With people, I try to be very conscientious – moving out of the way if someone’s in a hurry, including whoever is around in the conversation, trying not to take up too much space. But with insects, I’ve got a big blind spot. Living in Queensland, you live with bugs. When it’s been wet, you live with LOTS of bugs. I don’t really mind this; I see the world outside as their home and their territory. However, my house is my castle, and inside of it, I feel a need to keep the critters at bay. Gekkos and big spiders can usually be caught and relocated, or if they run and hide, they can be ignored. Armies of ants or cockroaches – well, the progress I’ve made is that I feel bad about killing them, but I still do it when there are too many of them to dissuade.
Mosquitoes are another story. Even outside, though it is their territory, my body is my territory. I’ll brush off a mosquito or two, but if one bites me, its life is forfeit. Something very deep in me rebels at the notion of microscopic creatures invading my bloodstream. Ross River fever, even Dengue fever are not unknown here.
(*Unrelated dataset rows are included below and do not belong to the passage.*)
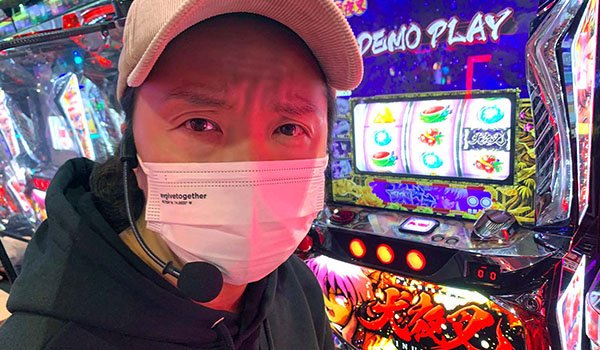 パチスロ～ライフ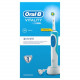 Oral-B D12.513W Vitality Elektromos fogkefe (3D Whitening fejjel)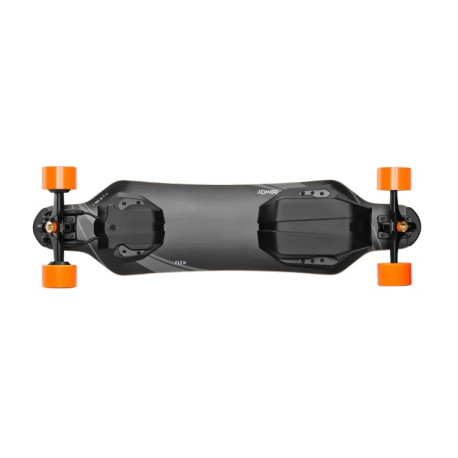Skateboard Electrique Exway Flex ER 2022 - Complet 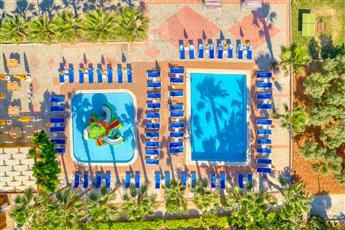 Numa Konaktepe Hotel 4*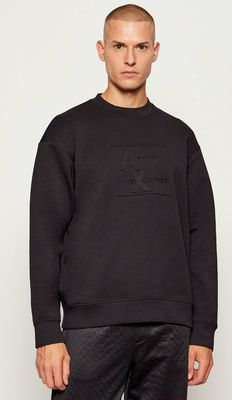 Armani Exchange - Bluza męska casual ze sklepu: Gomez Fashion Store w kategorii: Bluzy męskie - zdjęcie 874714-BD9-10338_AX255M000094H50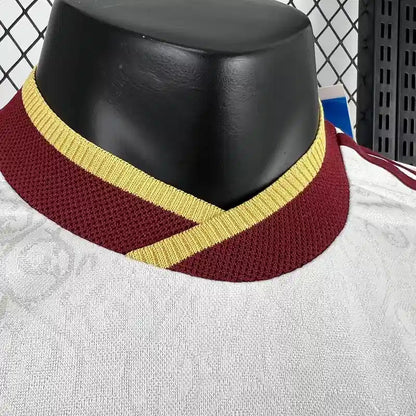 2026 WorldCup Spain Away Kit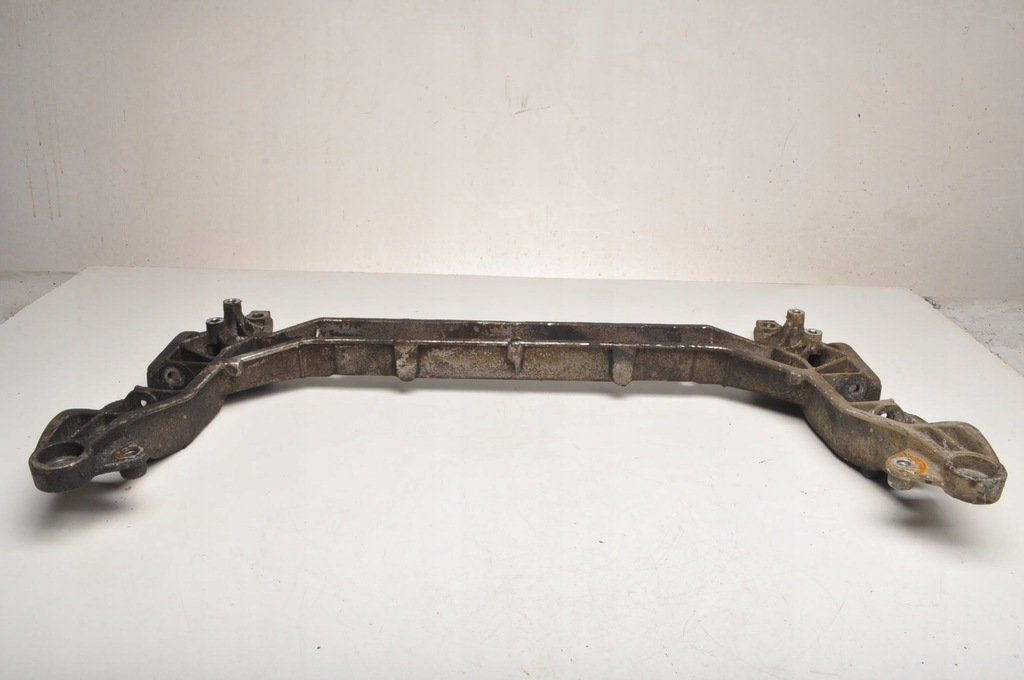 фото №6, Porsche 911 996 carrera 3.4 24v 301km підрамник підвіска перед 99634110115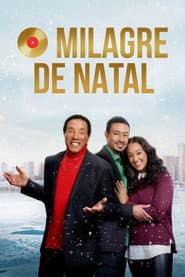 Pôster de O Milagre de Natal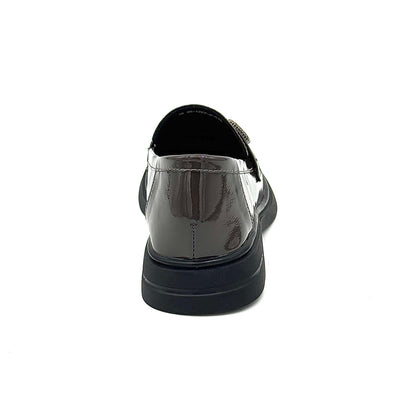 BONAVI 25-TZE-2 Women’s Leather Loafer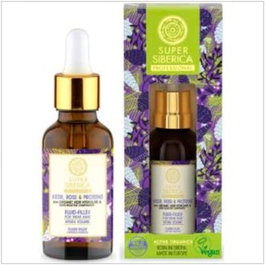 NATURA SIBERICA Super Siberica Rellenador Fluido 50ml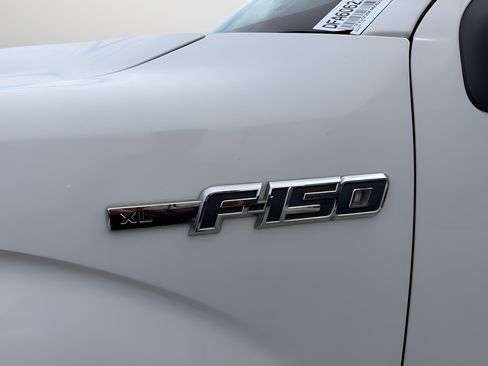 Used 2013 Ford F150 XL w/ PWR Equipment Group RWD image 35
I make these confessions as examples of my working edge with the first precept. Perhaps one day I will see all of these creatures as having a claim to staying alive equal to what I feel my own is. So far, I’ll admit, I feel I have the greater claim, not only to life, but to a pretty much bug-free life in my little home zone.
Possibly one sign of progress is that I really love all the lizards and even the gekkos when I see them outside. Huge flying cockroaches, spiders the size of a fist – they all live quite undisturbed (by me) in our garden and in the park across the street. Of course, the local birds and lizards eat the bugs in the endless devouring chain of life. But it makes me think – where is my place in this?